Die Umweltministerin und der Verkehrsminister wollen grundsätzlich Anreize anstelle von Strafen, sagen sie. E-Autos, die als Firmenfahrzeuge geführt werden, können bereits voll von der Vorsteuer abgesetzt werden. Die steuerliche Begünstigung von Diesel soll allerdings bleiben - und das, obwohl Dieselfahrzeuge die Euro-Grenzwerte für Stickstoffdioxid auf der Straße deutlich überschreiten. Der Ruf vonseiten irritierter Klimaexperten, die diese Einstellung nicht nachvollziehen konnten, nach einer ökosozialen Steuerreform wird laut: Die Steuersätze für fossile Energieträger sollen auf das Benzin-Niveau (bis zu 195 Euro pro Tonne CO2) angeglichen werden. Dass Ziele allein durch Anreize erreicht werden können, wird bezweifelt.

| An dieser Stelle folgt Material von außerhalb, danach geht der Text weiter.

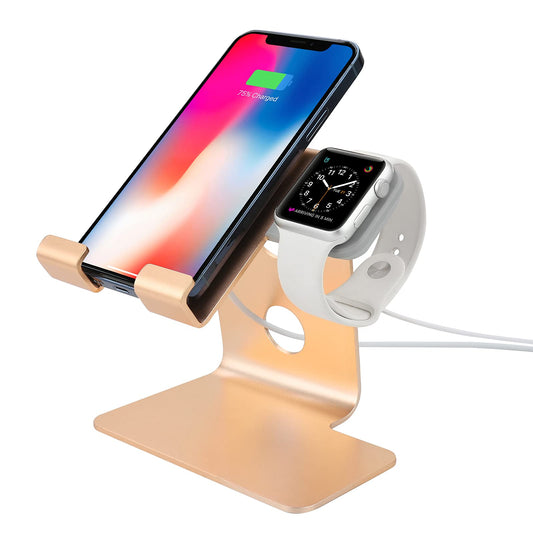 Transeca 2-in-1 Gold Stand Compatible with Magsafe Charger and Apple Watch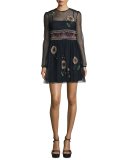 Long-Sleeve Floral-Embroidered Point D'Esprit Dress, Navy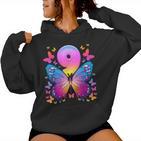 9Th Birthday Girl 9 Years Butterfly Number 9 Kapuzenpullover für Damen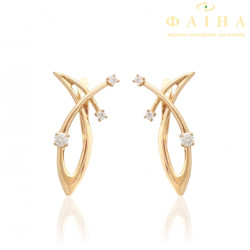 Серьги с камнем из красного золота (2238006)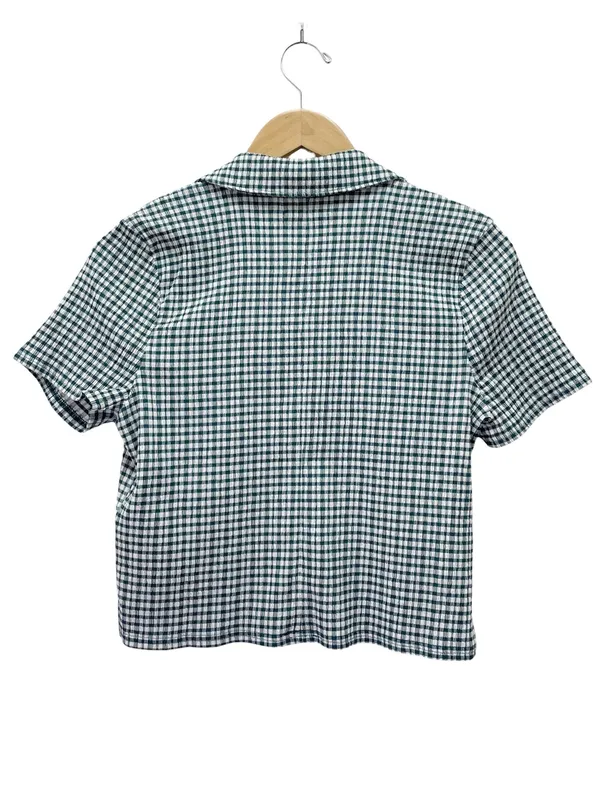 Madewell Mineral Blue Gingham Cropped Button Front Top Medium Stretch Plaid Y2K - Image 3
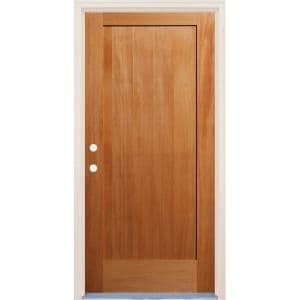 a wooden door with two knobs on the front and side panels, against a white background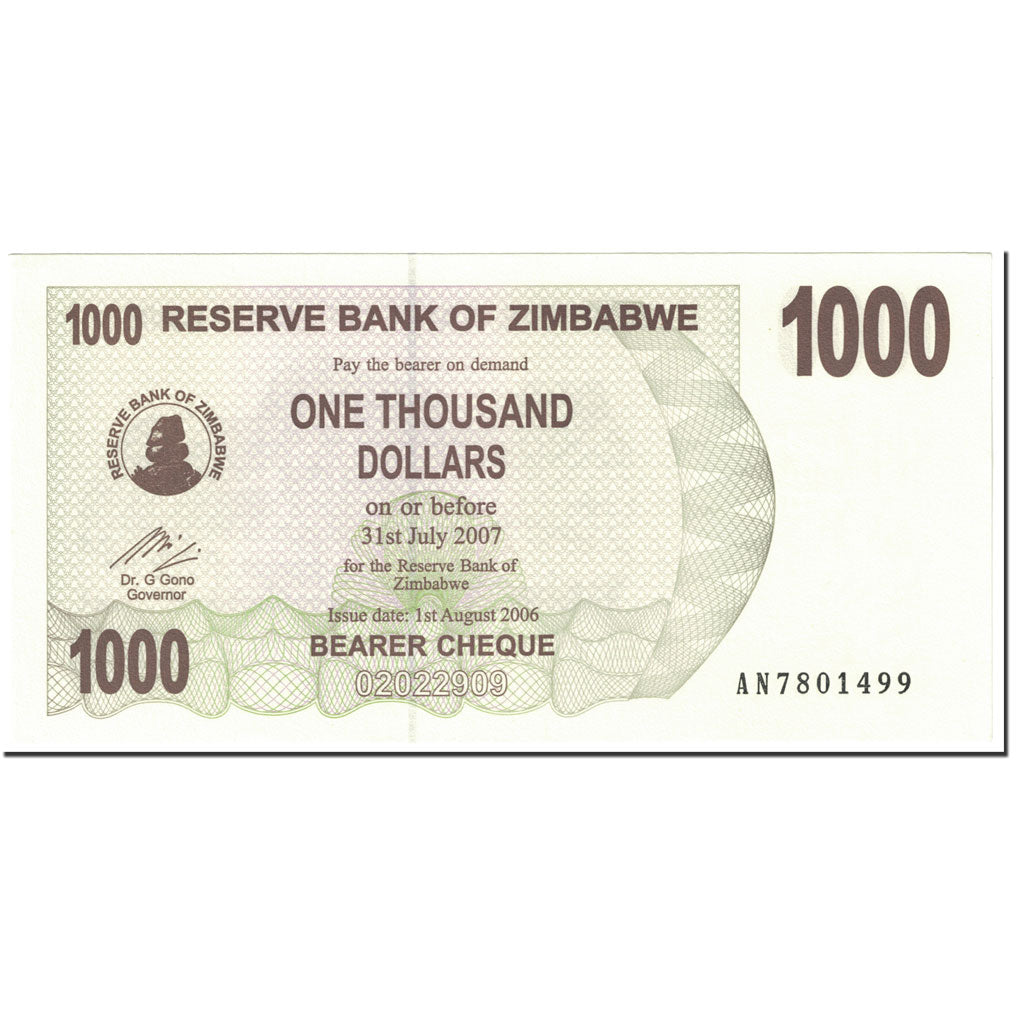 Banknote, Zimbabwe, 1000 Dollars, 2006, 2006-08-01, KM:44, UNC(65-70)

Währenddessen führte Hofer Teststrecken für Tempo 140 auf Autobahnen ein und erteilte einem generellen Limit von 100-Stundenkilometern, wie es Experten aus Umweltschutzgründen vorgeschlagen hatten, eine Absage. Warum? Ob der dekarbonisierte Verkehr bis 2050 mit 110, 120 oder 130 km/h unterwegs ist, sei unerheblich, so Hofer. Was auf den ersten Blick nachvollziehbar erscheint, wirkt auf den zweiten schier unerreichbar: Aktuell liegt die Quote von E-Fahrzeugen bei den Neuzulassungen bei 2,5 Prozent. Ob diese in nur 32 Jahren 100 Prozent erreichen kann, ist mehr als fraglich.

Ähnlich verfahren ist die Situation beim Antrieb der Elektroautos. Strom soll der Klima- und Energiestrategie zufolge bis 2030 zu 100 Prozent aus erneuerbaren Energiequellen kommen (aktuell sind es 74 Prozent). Will man saubere Energie gewinnen, ist Wasser vor allem in Österreich eine willkommene Quelle - errichtet man neue Wasserkraftwerke, werden dadurch jedoch Flüsse und Ökosysteme zerstört. Umweltschützer schreien auf und intervenieren, weil sie befürchten, dass nun Wirtschafts- und Industrielobbys zusätzlich Stimmung für ein Herabsetzen des Gewässerschutzes im Rahmen der EU-Wasserrahmenrichtlinie machen könnten. Mehr CO2-produzierende Industrie unter geringeren Umweltauflagen wäre die Folge -und das, obwohl es dabei ursprünglich um den Klimaschutz ging.

Kohle im Interesse der USA

Die Interessen der Wirtschaft sind Umweltschützern auch beim "Umweltpaket" ein Dorn im Auge. Dieses wurde im Juni im Ministerrat mit dem offiziellen Ziel auf den Weg gebracht, Umweltschutzorganisationen in Verfahren zur Umweltverträglichkeitsprüfung ein Mitspracherecht zu garantieren. Dabei geht es um die Genehmigung von Großprojekten wie Schnellstraßen oder Industrieanlagen - beides Klimasünder. Ein in der Vorwoche von den Regierungsparteien ÖVP und FPÖ eingebrachter Änderungsantrag schränkt dieses Mitspracherecht allerdings wieder massiv ein: Er sieht vor, dass Vereine, die weniger als 100 Mitglieder haben, von Umweltverfahren ausgeschlossen sind - das wären etwa 40 der rund 60 behördlich anerkannten Vereine. Diese reagierten empört, von einem Frontalangriff auf den Umweltschutz war die Rede. Köstinger habe sich von den Interessen der Wirtschaft leiten lassen, so der Vorwurf.

Bleibt noch das Schicksal des Tropfens auf dem heißen Stein. Österreich mit einer Fläche von rund 84.000 Quadratkilometern ist nicht mehr als ein Pünktchen in Anbetracht der Welt. Einige Großstaaten wie China sind zwar extrem ambitioniert - Benzin- und Dieselautos sollen hier ab 2030 verboten werden -, genau gegenteilig agieren im Moment aber die USA. Diese haben Mitte 2017 angekündigt, im Jahr 2020 aus dem Klimaschutzabkommen von Paris auszusteigen. Der Grund dafür: Es habe die US-Unternehmen im Wettbewerb mit anderen Ländern, darunter China, schlechtergestellt. Er wolle die Interessen des amerikanischen Volkes beschützen, sagte US-Präsident Donald Trump. Diese lägen auch im Kohleabbau. Das Verbrennen von Kohle ist für rund die Hälfte der jährlichen CO2-Emissionen verantwortlich.